2 Responses to “Homöopathen besinnen sich auf alte Traditionen – Claus Fritzsche, Curt Kösters und die Nazis”

  1. … outet Stalker im Netz | Folia lib.

    [...] *** http://kidmed.org/1062/homoopathie/homoopathen-besinnen-sich-auf-alte-traditionen-claus-fritzsche-cu… [...]

  2. Renate Druschinski

    In http://www.dzvhae-archiv.de/portal/pics/abschnitte/080508114754_koesters_internet.pdf hat sich Curt Kösters in seiner Kurzbiografie wie folgt beschrieben.

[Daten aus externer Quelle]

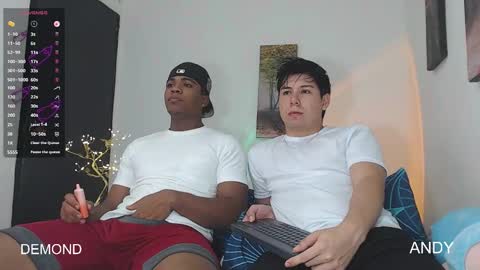 Snapshot of demond_333 chatting on 01.15.26 DEMOND online show from 01.15.26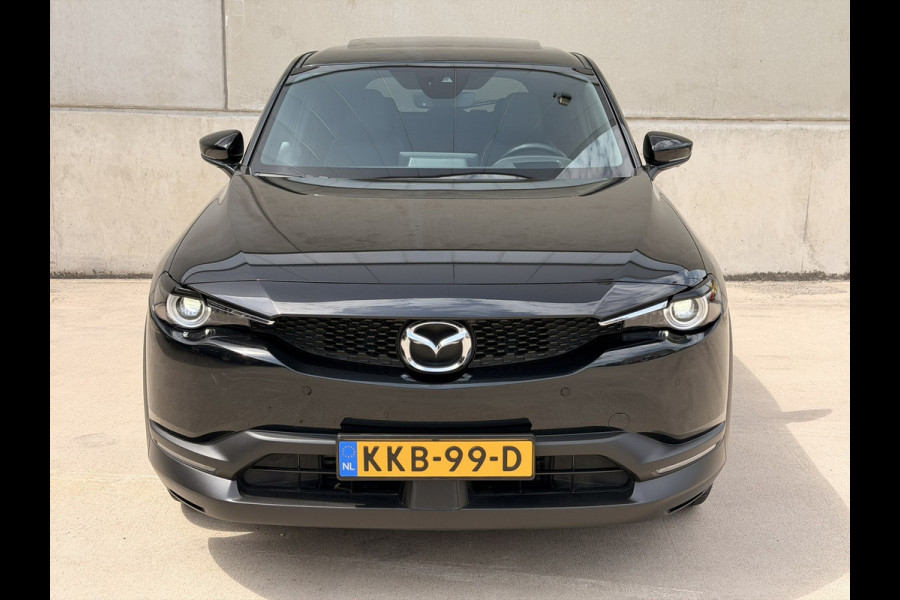 Mazda MX-30 E-SkyActiv R-EV 170 Makoto Open dak 360 BOSE HUD CarPlay Leder 18''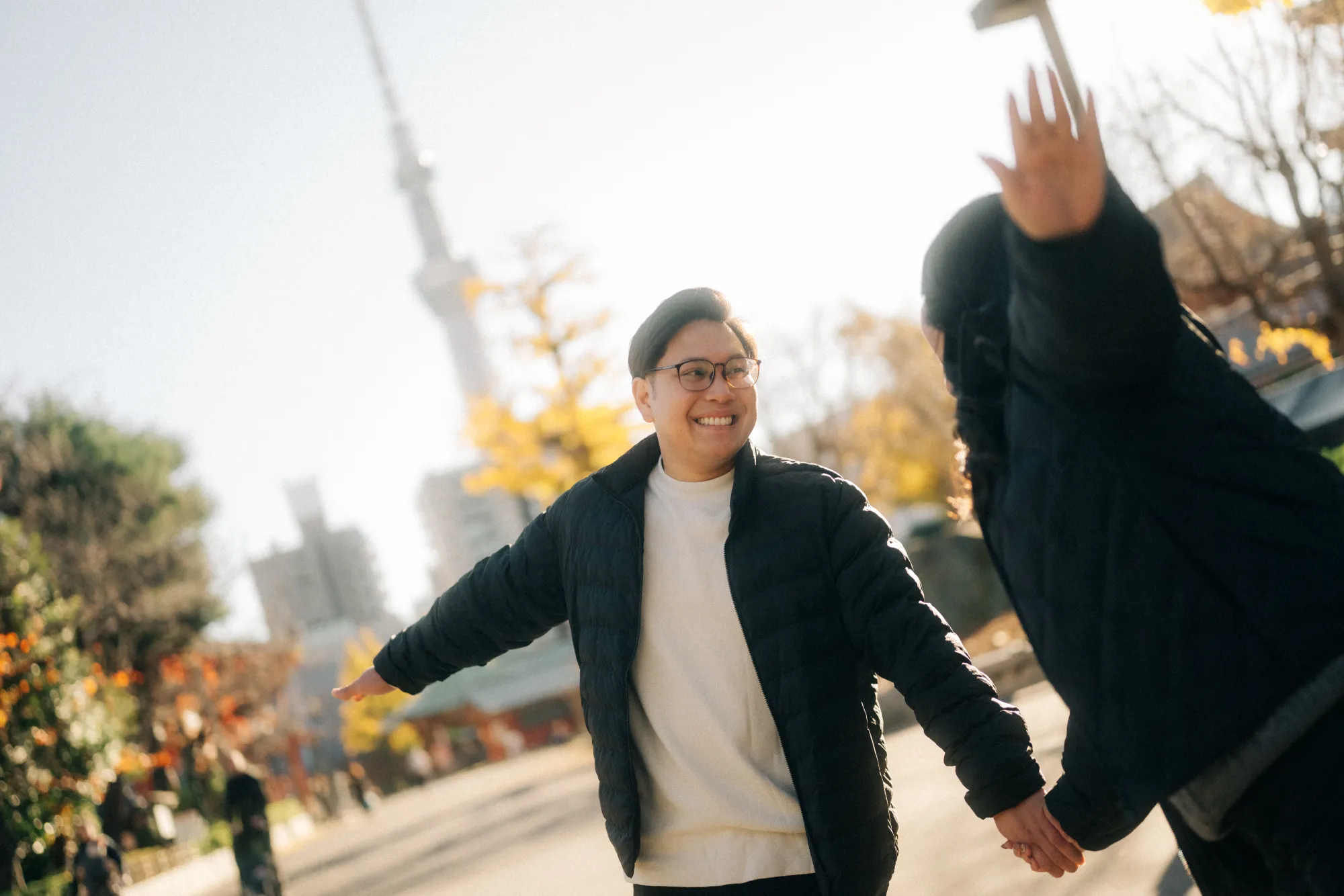 Vivian and Timothy in Japan, photo 25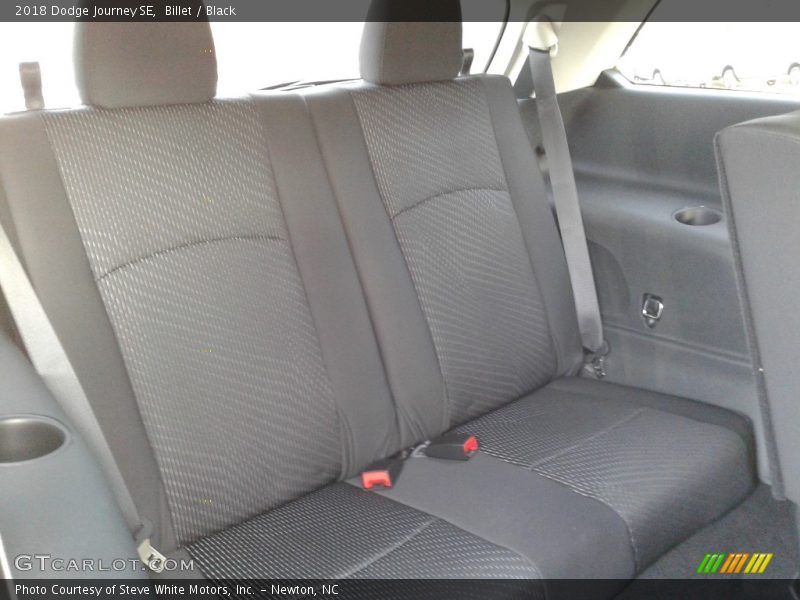 Billet / Black 2018 Dodge Journey SE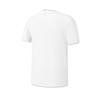 FILA Tennis Fashion Classic Minimalist Retro Sports Casual Versatile Comfortable Short Sleeve T-Shirt Men tops Jade-White A11M613102FWT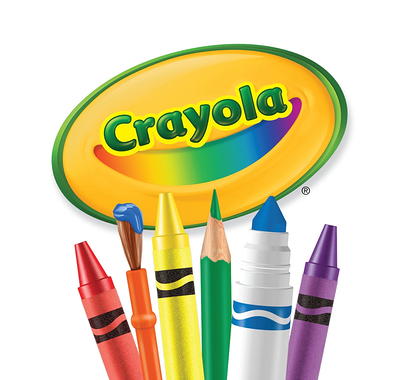 Back to School Markers- Clip Art School Supplies- Crayola Markers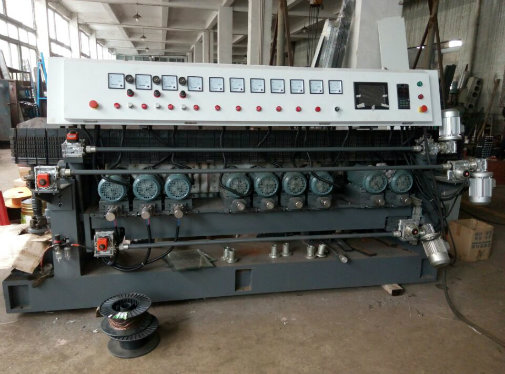 Automatic Multi-Function Edge Grinding Polishing Machine for Glass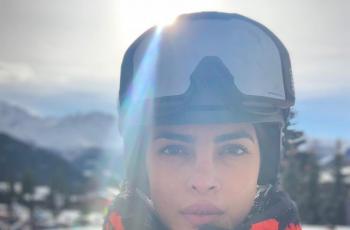 Priyanka Chopra dan Nick Jonas liburan di Swiss (Instagram/@priyankachopra)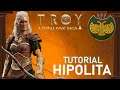 🐴 TUTORIAL AMAZONAS - HIPÓLITA (TOTAL WAR TROY) Guía de facción en TROYA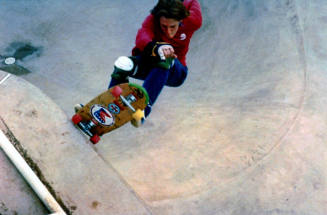 Robert Shipp at Skate in the Shade - at Danelle Plaza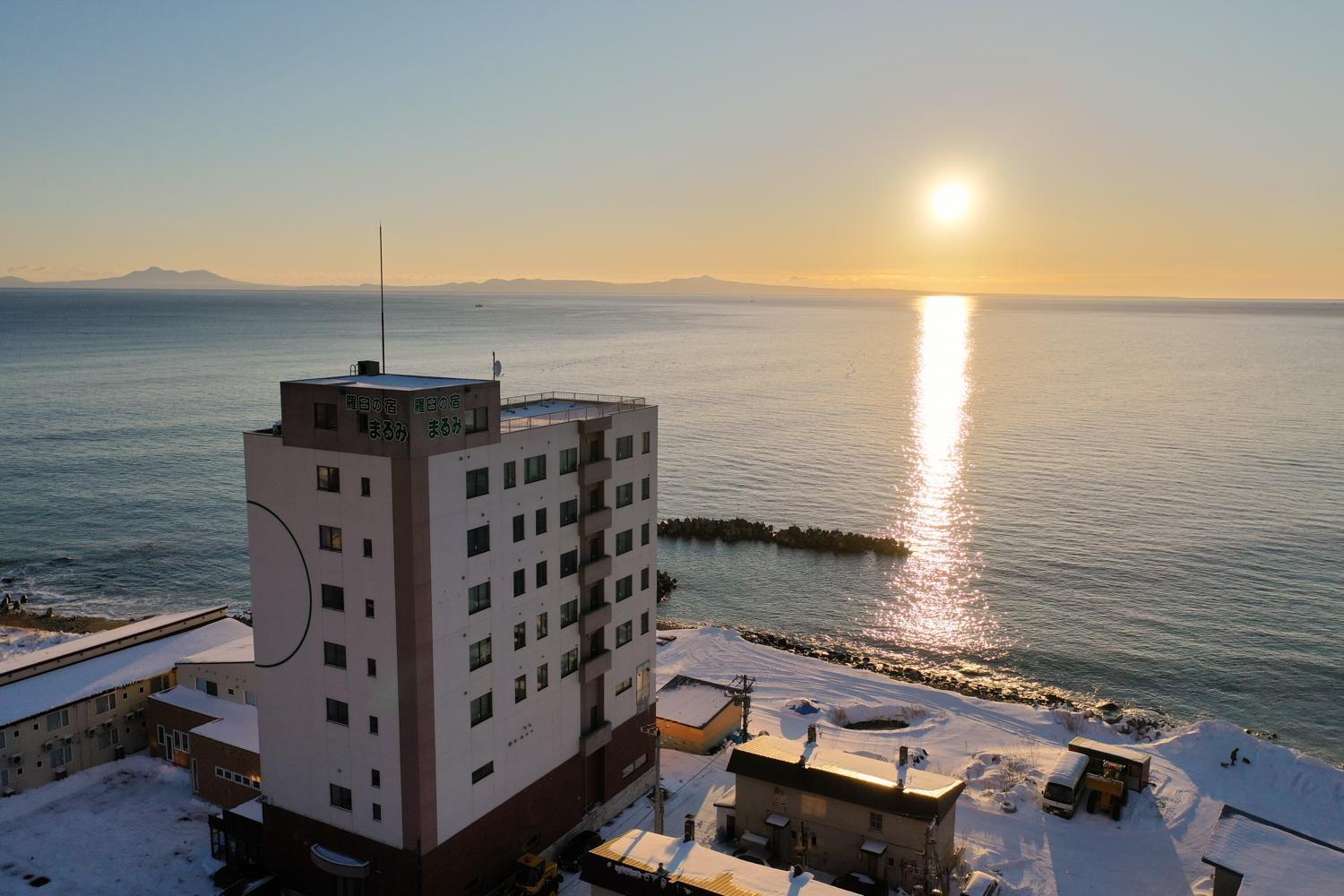 Livemax Resort Shiretoko Sea Front Rausu Exterior foto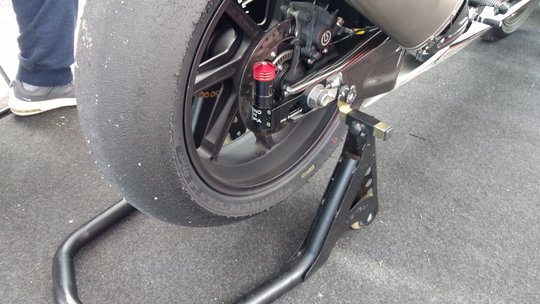 OverSuspension for the Suzuki GSX-R750 / GSX-R600 (2005+)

    [quote]“Gelernt habe ich in verschiedener Weise von Martin Stübler, von Vithoulkas und
    etlichen seiner Schüler, einigen indischen Kollegen, von Klaus Henning Gypser und
    André Saine, und [b]am meisten immer noch aus den Schriften von Samuel
    Hahnemann[/b].

    Ansonsten: Als Mitherausgeber einer Internet-Debatte über die Grundlagen der
    Homöopathie erfolgreich angeeckt, [b]nebenbei noch einige Jahre in einem homöopathischen
    Entwicklungsprojekt in Nepal tätig gewesen[/b], derzeit zweiter Vorsitzender des DZVhÄ. Interessiert bin ich
    weiterhin an Überlegungen zu [b]homöopathischen Interventionen in sozialen Systemen[/b] und an der
    Konzeption einer Falldokumentation.”[quote]

    Wer am meisten aus 200 Jahre alten Schriften lernt, ist ein unverbesserlicher Idiot.
    Wer mit diesem “Wissen” auch noch missionieren geht, am besten bei Leuten in fremden Ländern, die sich nicht wehren können, ist ein Scharlatan und Betrüger.
    Wer homöopathische Interventionen in sozialen Systemen für sinnvoll hält, kann sich ebensogut mit dem Phlogiston in sozialen Systemen befassen: reine Hochstapelei.

    Dass sich so jemand “Arzt” nennen darf, hat nichts mit medizinischem Pluralismus zu tun, sondern ist eine Schande.
    Welcher Patient kann noch Vertrauen in Ärzte haben, wenn er sich vor dem Praxisbesuch erst informieren muss, ob es sich um einen ideologisch verblendeten Idioten, Scharlatan, Betrüger und Hochstapler handelt?
    Der letzte Homöopath wollte mir meine Medikation gegen Bluthochdruck madig machen: wer weiß, wie viele dieser “Arzt” schon auf dem Gewissen hat!